Gregorio allora cominciò a pensare come potesse far ravvedere Giusto e dare a tutti una lezione esemplare. Chiamò a sé Prezioso, superiore della comunità, e gli comandò: «Và! Nessuno visiti il moribondo e lo conforti. Se poi egli chiederà l’assistenza di qualcuno, suo fratello Copioso gli dica pure che i monaci hanno biasimato il suo operato, e che almeno in punto di morte si ravveda, essendosi egli appropriato di quelle monete. Dopo la sua morte, il suo cadavere non si seppellisca insieme con quelli dei confratelli, ma si deponga nella fossa scavata nel letamaio. Sul suo corpo, quindi, si gettino le tre monete d’oro gridando in coro: “Il tuo denaro sia con te in perdizione!” (At 8,20). Poi si seppellisca».

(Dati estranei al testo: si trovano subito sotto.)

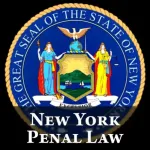 NY Penal Law 2025 Icon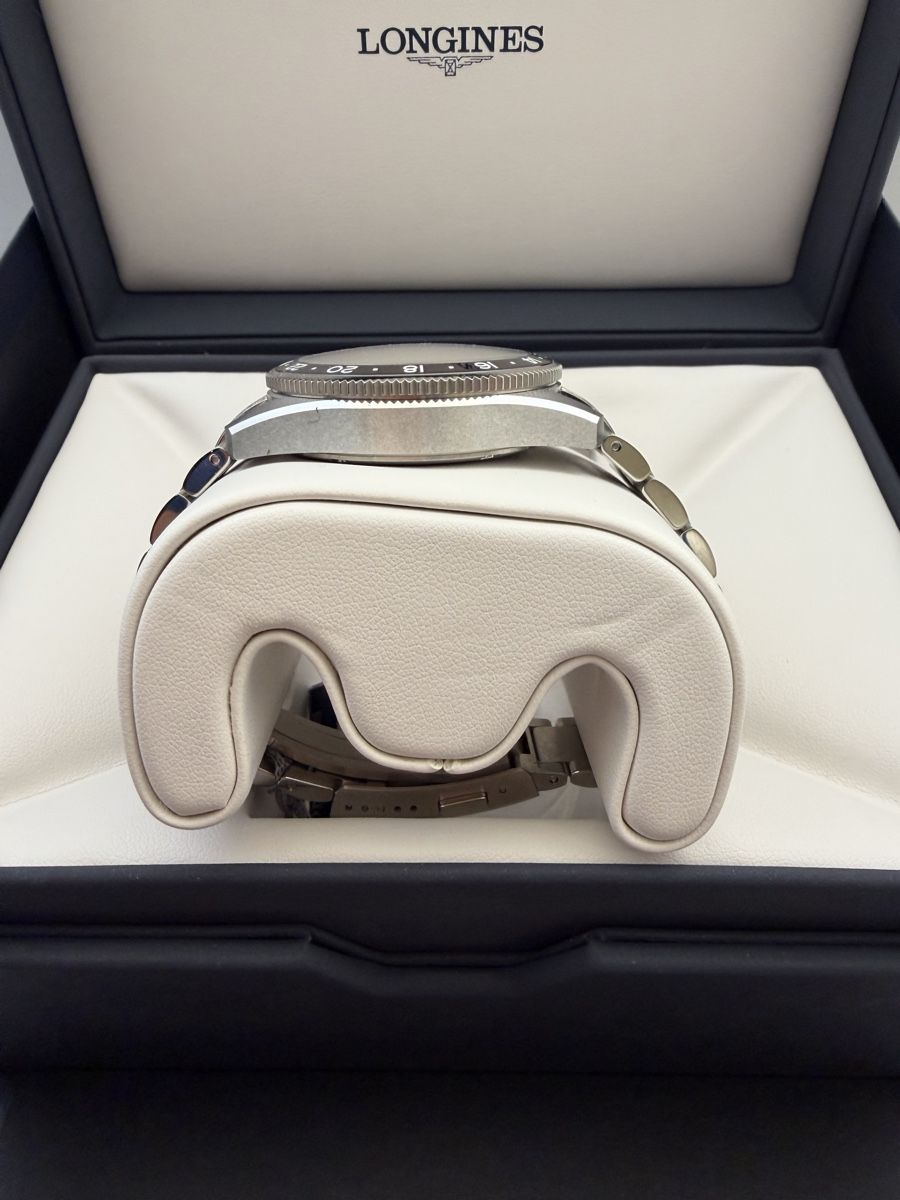 Longines Uhren: Longines Spirit GMT – Neu und originalverpackt aus Crans VS von horlogerie-langel 5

I monaci si comportarono come Gregorio aveva ordinato, e Copioso spiegò tutto al fratello morente, che prima di spirare si ravvide…L’accaduto servì di esempio a tutti, vivamente impressionati dalle parole del Santo.

Ora, essendo passati trenta giorni dalla morte di Giusto, Gregorio pensò come potesse suffragarne l’anima; ciò che confidò anche al superiore del

monastero, al quale disse: «Va’ e da oggi stesso fa celebrare una Messa per trenta giorni consecutivi per il defunto!».

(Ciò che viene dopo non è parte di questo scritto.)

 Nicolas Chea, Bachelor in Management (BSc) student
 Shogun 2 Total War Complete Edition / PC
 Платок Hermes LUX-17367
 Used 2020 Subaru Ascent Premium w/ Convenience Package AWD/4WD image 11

Tutto fu eseguito. Ora, pensando ad altro, continua il Santo, e passando i giorni senza avvertirne il numero, una notte il defunto apparve al fratello Copioso, che chiese a Giusto cosa fosse accaduto. «Finora – rispose – sono stato male, ma ora sto bene, perché oggi sono passato alla vita eterna!».

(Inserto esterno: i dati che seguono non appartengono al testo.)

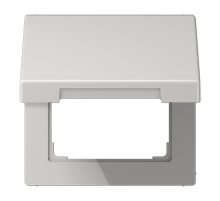 JUNG крышка, светло-серый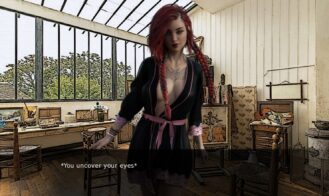 Soul Of The Paintings Adult Game Screenshot (3)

Copioso riferì tutto ai monaci che, calcolando il numero dei giorni, constatarono che la trentesima delle Messe ordinate era stata celebrata. Ora né Copioso sapeva nulla di queste Messe, né i monaci erano informati della visione avuta da Copioso, risultando perciò la piena coincidenza della visione di questi e delle Messe celebrate: «…Concordante simul visione et Sacrificio, res aperte claruit, quia frater qui defunctus fuerat per salutarem Hostiam evasit supplicium» (Dial. IV, 55, PL 77, 420s)".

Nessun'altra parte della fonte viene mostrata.